78 There is no doubt the Applicant has faced considerable opposition to its application for an easement from both Respondents. Given that s 40(8) specifies that the Applicant would usually pay the Respondents' costs I have to determine in the circumstances of this case whether the Respondents' behaviour in this litigation has been so unreasonable that I should not award any costs or disbursements in their favour and make no order as to costs but rather make cost orders in the Applicant's favour. The Applicant has been represented throughout by a solicitor and one or two counsel while the Fourth Respondent represented himself throughout and the Tenth Respondent was largely represented by her agent. I must consider the relevant conduct of the parties within the litigation to determine if any of the criteria identified in Owners Strata Plan arise (see [14] quotation at par 73).

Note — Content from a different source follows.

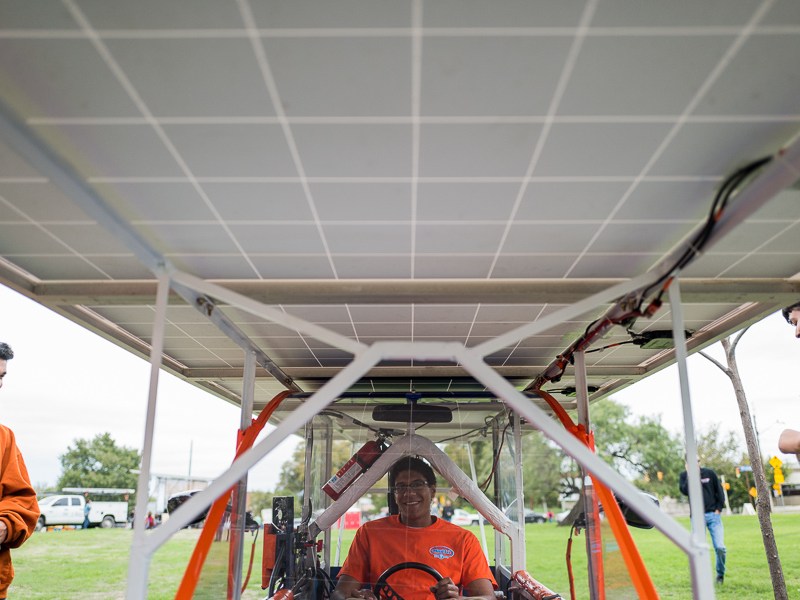 Student Jean-Luc Yohi sits in the solar powered vehicle built by Madison High School students. Photo by Scott Ball.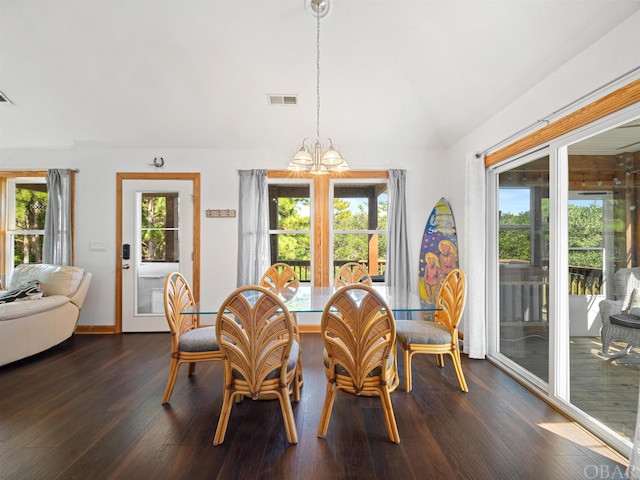 dining room with vaulted ceiling, plenty of natural light, dark wood finished floors, and visible vents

79 The correspondence and conduct of the Applicant, its solicitor and the Respondents shows parties in considerable personal conflict over the issues within the litigation. The level of antagonism generated between the parties has also lead to unnecessarily detailed evidence and submissions about who said what to whom to a far greater extent than is usual or appropriate in a costs application. The Applicant's evidence and submissions raise various communications between the parties and are extensively countered by the Respondents. The specific and minute details of this evidence and submissions is not necessary to resolve for this costs application. Each party argues that the history of the litigation demonstrates how unreasonably the opposing party has behaved. Apart from observing that an unfortunate tone arises in the correspondence from all parties I am not going to dissect in the detail it has been presented by them the precise outcome of each instance in which one party alleges another party has presented incorrect evidence or misled the Court.